Sunday, December 13, 2009

Financial Sense Newshour On The Gold Bubble

This week's Financial Sense Newshour podcast returned to the gold-bubble theme, in large part because more public sources are claiming that there is one. The gold-bubble meme has acquired a lot of traction lately in the financial press, and it shows in this week's podcast. The first of the two parts of an entire segment of the show [.MP3 file] is entitled, "Gold - Bubble Trouble or Ready to Double?" Essentially, the same rebuttal points used in recent weeks were re-used. Gold hasn't been mainstreamed; smart professional investors are plowing into gold right now; the Federal Reserve has expanded the monetary base hugely; the U.S. deficit, as a percentage of GDP, has reached a high-inflation tipping point; the Fed is likely to monetize more Treasury debt and jack up the monetary base to do so; the pressure to do so will be upped considerably once Treasury-security interest rates rise across the board.

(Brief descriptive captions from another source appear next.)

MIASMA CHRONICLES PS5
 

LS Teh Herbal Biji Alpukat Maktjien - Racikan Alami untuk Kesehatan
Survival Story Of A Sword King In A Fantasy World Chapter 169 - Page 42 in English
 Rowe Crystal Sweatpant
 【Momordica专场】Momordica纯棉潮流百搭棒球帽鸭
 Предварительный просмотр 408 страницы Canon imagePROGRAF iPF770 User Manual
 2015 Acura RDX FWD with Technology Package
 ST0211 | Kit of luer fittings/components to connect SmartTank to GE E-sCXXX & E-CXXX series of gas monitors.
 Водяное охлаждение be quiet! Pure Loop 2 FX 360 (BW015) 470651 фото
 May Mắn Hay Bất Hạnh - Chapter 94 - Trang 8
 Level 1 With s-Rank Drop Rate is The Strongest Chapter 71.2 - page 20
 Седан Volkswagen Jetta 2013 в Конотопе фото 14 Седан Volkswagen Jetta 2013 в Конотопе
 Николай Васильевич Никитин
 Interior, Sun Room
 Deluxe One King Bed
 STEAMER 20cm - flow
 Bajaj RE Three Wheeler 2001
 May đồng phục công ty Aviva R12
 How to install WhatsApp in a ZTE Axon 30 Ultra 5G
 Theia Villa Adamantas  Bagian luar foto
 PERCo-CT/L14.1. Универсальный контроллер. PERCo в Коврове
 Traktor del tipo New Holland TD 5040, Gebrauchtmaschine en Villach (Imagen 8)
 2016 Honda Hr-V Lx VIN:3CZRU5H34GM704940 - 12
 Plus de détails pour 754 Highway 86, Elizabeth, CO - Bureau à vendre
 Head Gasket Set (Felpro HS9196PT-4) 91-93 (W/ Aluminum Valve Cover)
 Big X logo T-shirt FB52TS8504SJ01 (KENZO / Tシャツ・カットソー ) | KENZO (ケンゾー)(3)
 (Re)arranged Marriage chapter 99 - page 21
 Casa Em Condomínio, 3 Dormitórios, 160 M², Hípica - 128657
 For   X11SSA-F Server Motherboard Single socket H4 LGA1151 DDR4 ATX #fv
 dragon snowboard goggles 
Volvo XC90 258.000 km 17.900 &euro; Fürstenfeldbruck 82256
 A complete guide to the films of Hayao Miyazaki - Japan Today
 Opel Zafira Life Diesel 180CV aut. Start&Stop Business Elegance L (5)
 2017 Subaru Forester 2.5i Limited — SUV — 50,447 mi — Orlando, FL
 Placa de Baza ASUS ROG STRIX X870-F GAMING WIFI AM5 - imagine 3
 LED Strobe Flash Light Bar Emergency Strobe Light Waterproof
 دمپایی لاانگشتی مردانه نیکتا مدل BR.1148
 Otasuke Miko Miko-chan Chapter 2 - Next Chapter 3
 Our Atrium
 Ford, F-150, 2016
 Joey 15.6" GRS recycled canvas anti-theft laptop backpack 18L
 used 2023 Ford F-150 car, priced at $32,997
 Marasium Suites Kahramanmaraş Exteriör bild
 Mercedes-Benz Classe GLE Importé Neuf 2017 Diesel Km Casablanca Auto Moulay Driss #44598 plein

There's another point that can be used to rebut the claim that gold is currently in an all-out bubble: too many people are aware of the possibility, implying that they're still skeptical of gold. This point may merely be naive contrarianism, but contrary-opinion theory has a solid kernel of truth in it. People are publicly bullish about investments they have already bought. They want company; their bullish expectations amount to, "I'll make money with this thing and so will others once they get on board too." In contradistinction, people who are bearish don't own it and don't plan to. When everyone is bullish, therefore, everyone who's likely to buy has already bought. The only way for the price to keep plowing up is if new demand comes in from somewhere else - new money. If the investment is widely-talked about, there aren't that many sources for new-money demand.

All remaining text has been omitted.